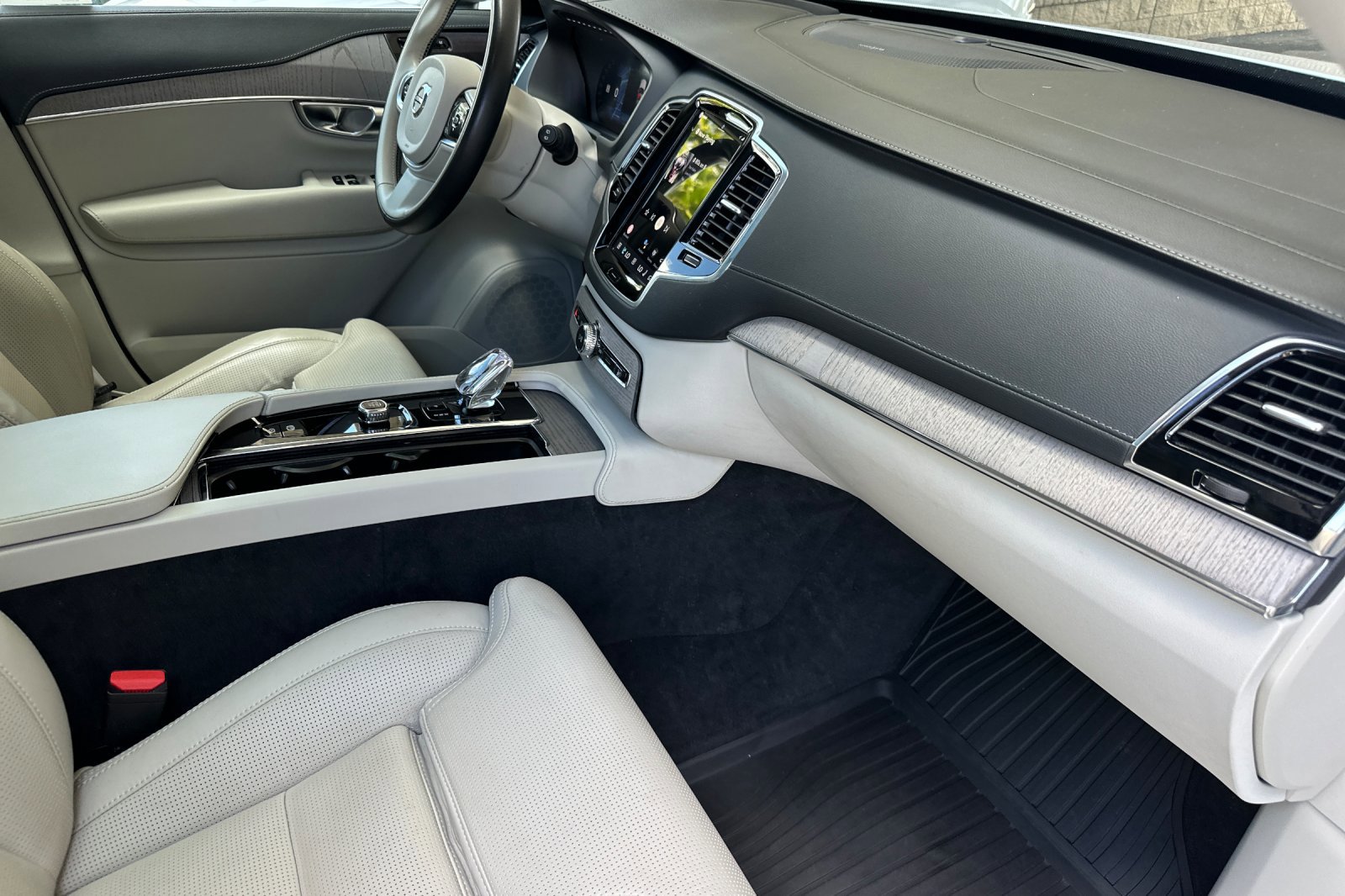 Certified 2024 Volvo XC90 B6 Ultimate w/ Protection Package Premier AWD/4WD image 19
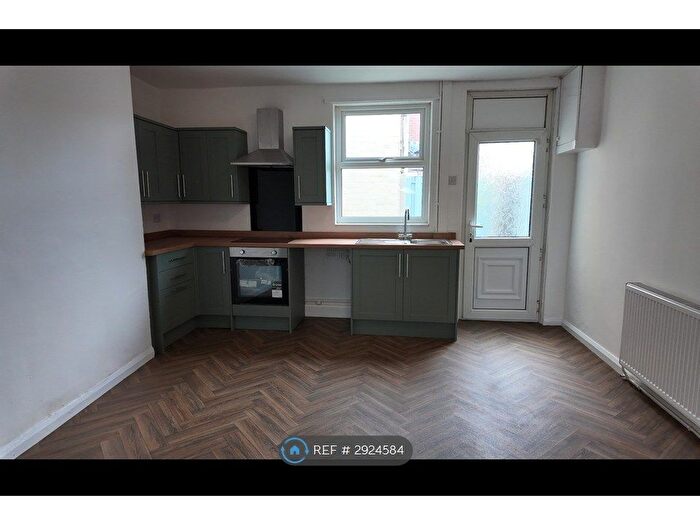 2 Bedroom Terraced House To Rent In Grays Road, Barnsley, S71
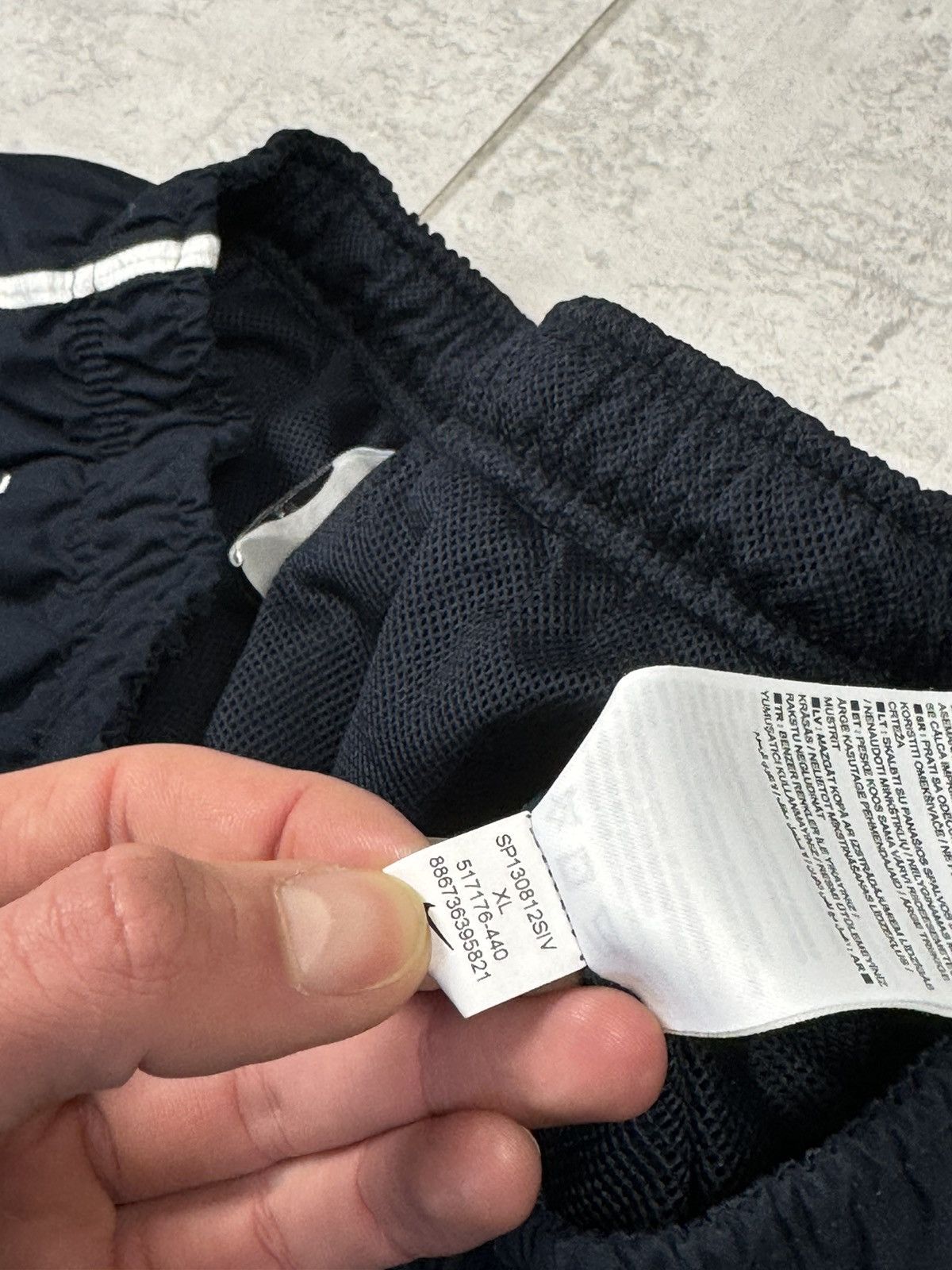 Nike Nike Vintage Navy Y2K Track Pants Joggers Swoosh Logo SizeXL Size US 36 / EU 52 - 17 Thumbnail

• [PROBLEM TO SOLVE] Reproduce the data above word for word, but leave the images out.

• [RESPONSE TO THIS TASK]
 Certified 2024 Volvo XC90 B6 Ultimate w/ Protection Package Premier AWD/4WD image 19
 2 Bedroom Terraced House To Rent In Grays Road, Barnsley, S71
 Nike Nike Vintage Navy Y2K Track Pants Joggers Swoosh Logo SizeXL Size US 36 / EU 52 - 17 Thumbnail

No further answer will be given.